While Richmond schools work to right their ship, KRON 4 reports that public school students in the neighboring city of Oakland "will be given excused absences should they stay home from school because of the poor air quality," an offer that I'm sure had many kids coming up with coughs this morning. (Not to make light of what is truly a serious situation! But we were all young once, and we know how this goes.)
The issues with air quality are expected to extend into the weekend, a problem that's spurred the cancellation of the Virgin Sport "Festival of Fitness" planned for SF this weekend, event organizers say on their website.

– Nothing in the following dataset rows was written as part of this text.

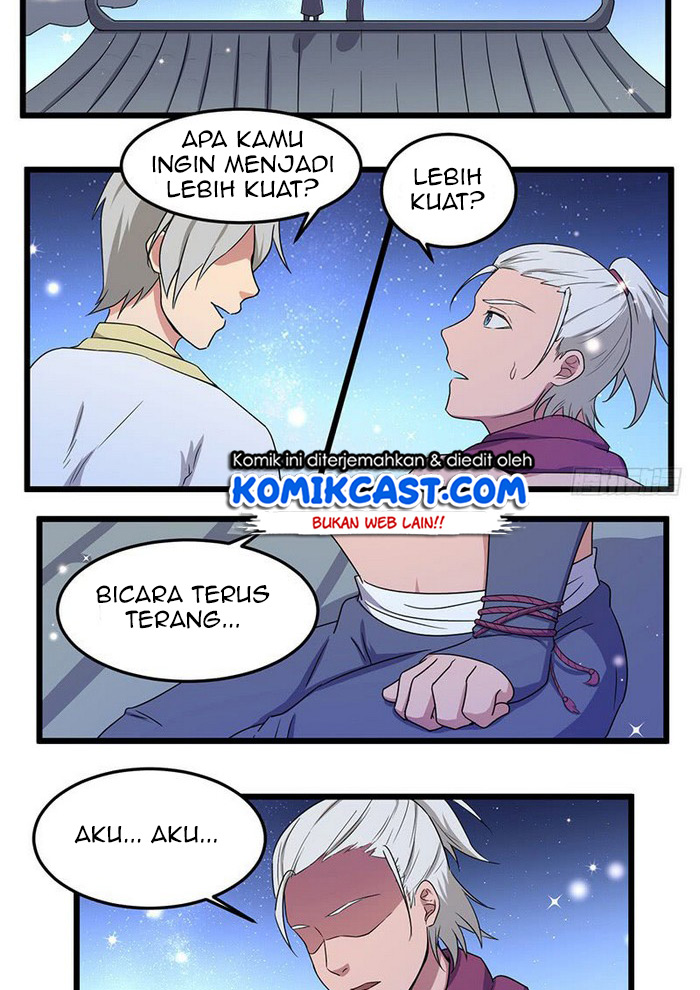 Chaotic Sword God Chapter 75 - Halaman 36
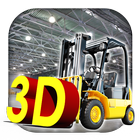 Forklift Simulator 3D simgesi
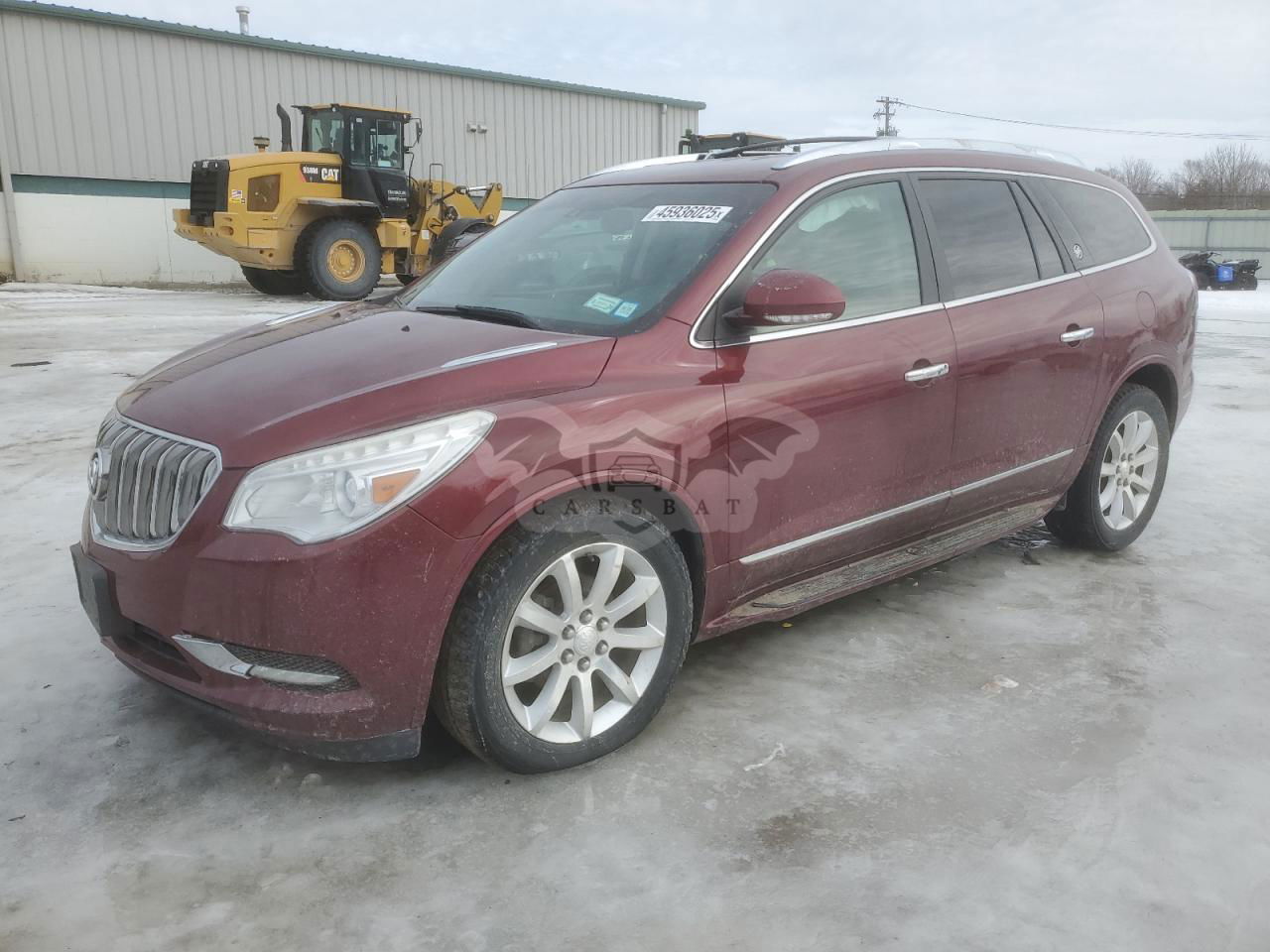 Buick Enclave 3.6L  6 2015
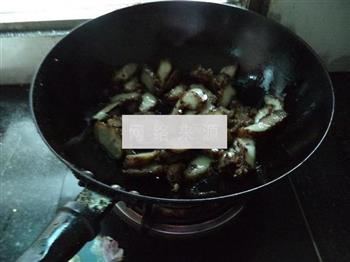 红辣椒炒米粉肉的做法步骤3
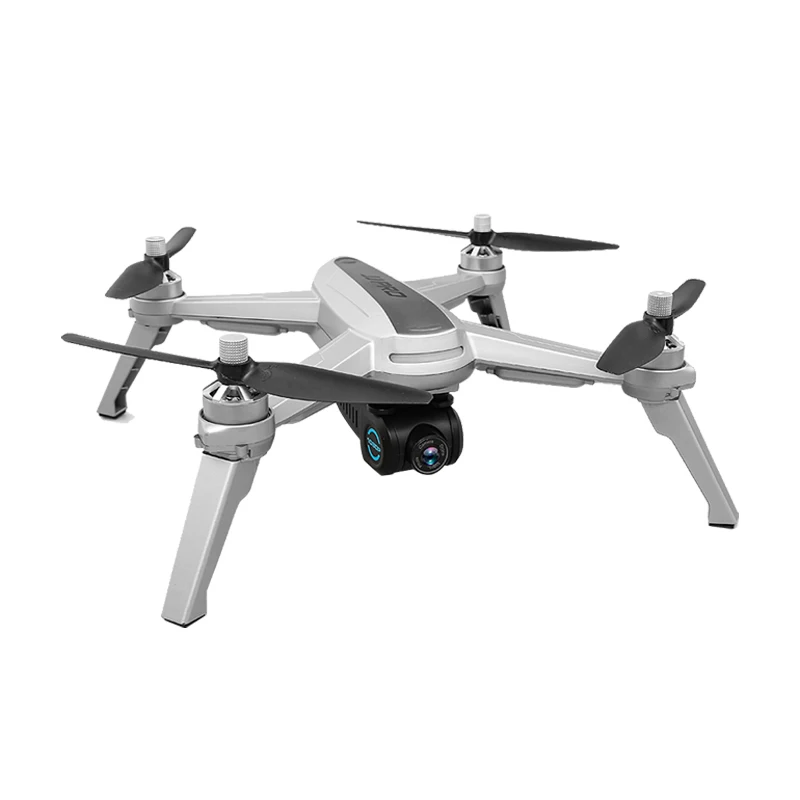 JJRC JJPRO X5 5G WiFi FPV 1080P камера Радиоуправляемый Дрон бесщеточный мотор gps Follow Me серебристый/черный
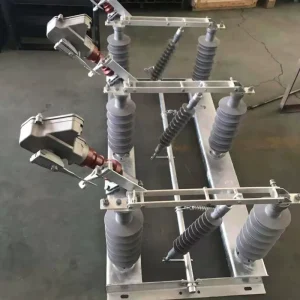 GW-33KV Outdoor Load Break Disconnect Switch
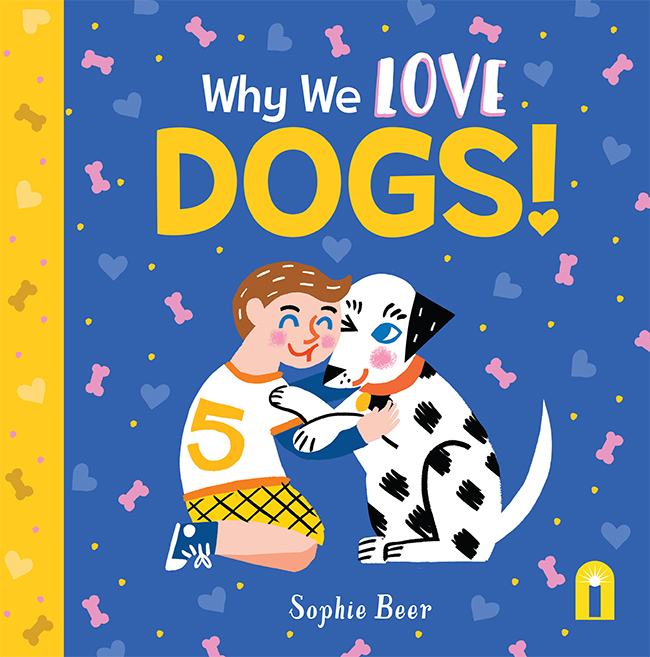 Why we love dogs (Hardcover)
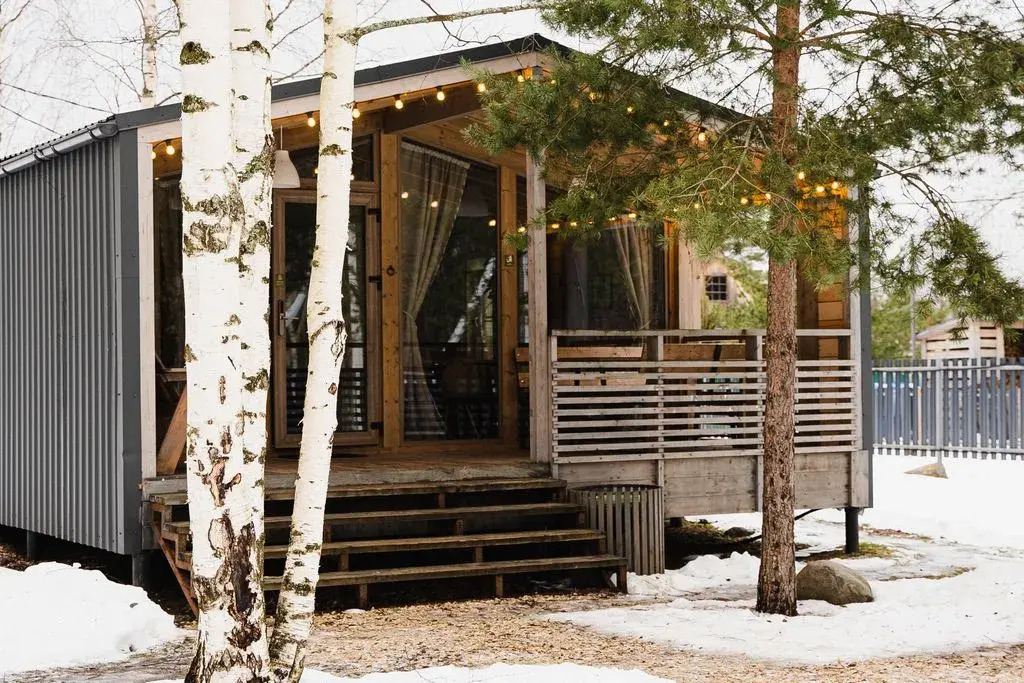 Фотография Коттеджа Частный дом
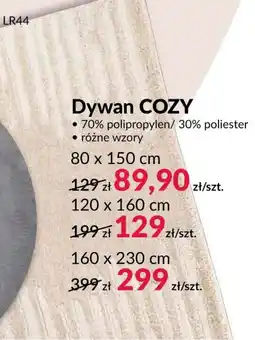 Agata Meble Dywan cozy oferta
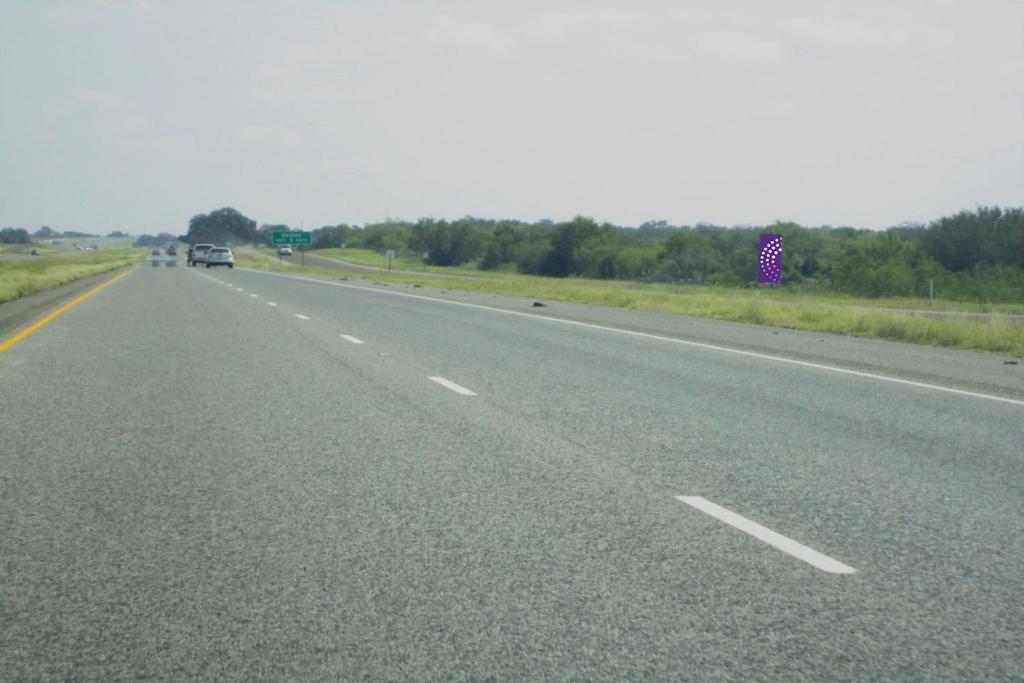 Photo of a billboard in Big Wells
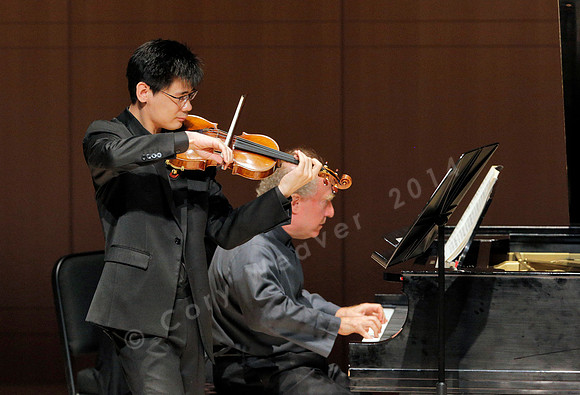 Green Music Center - Chamberfest 2016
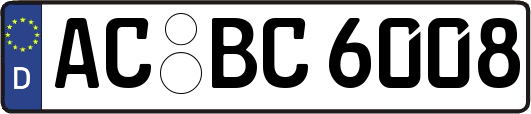 AC-BC6008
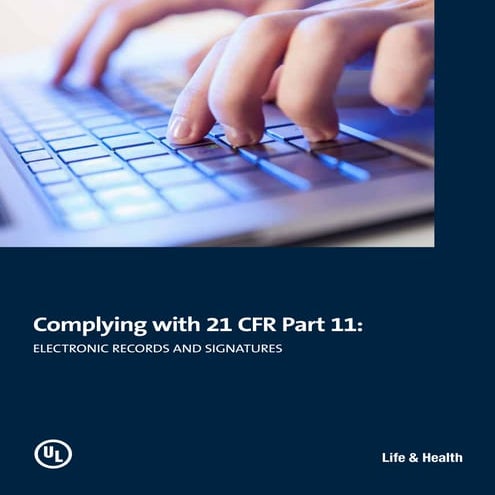 WP_UL Compliance wth 21CFR Part_11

The festival was expected to include a one mile race and a half marathon through the city streets, but concerns about "the health and safety of our athletes and volunteers" as well as a desire not to use "valuable Bay Area first responders and resources that can be better utilized elsewhere" caused its cancellation.
According to a statement from the Bay Area Air Quality Management District, the situation will change moment by moment in the days ahead, as “due to active wildfires and changing wind patterns, air quality could be impacted for many days to come."
"Outside of the active fire areas, air quality will be variable and unpredictable. Air quality may improve at times or get worse, very quickly," they say.
This uncertainty may be our new normal, the Washington Post reports, saying that "The sea breeze will be weak, and that cool, damp marine layer? Nope — not beyond the coastal areas."
This is bad news for people who enjoy breathing clean air. Even if the fires can be reined in, parts of North Bay will still be burning and producing giant plumes of air-polluting smoke. With winds from the north through the weekend, the choking conditions can be expected to continue.
So the best thing we can do right now is take care of each other, and ourselves. Please remember to check on your neighbors, especially the elderly or those who might be otherwise impaired by the conditions. It's time to go to the doctor is these symptoms emerge:
- Repeated coughing
- Shortness of breath or difficulty breathing
- Chest tightness or pain
- Nausea or unusual fatigue
And don't hesitate to call 911 for any life-threatening emergencies.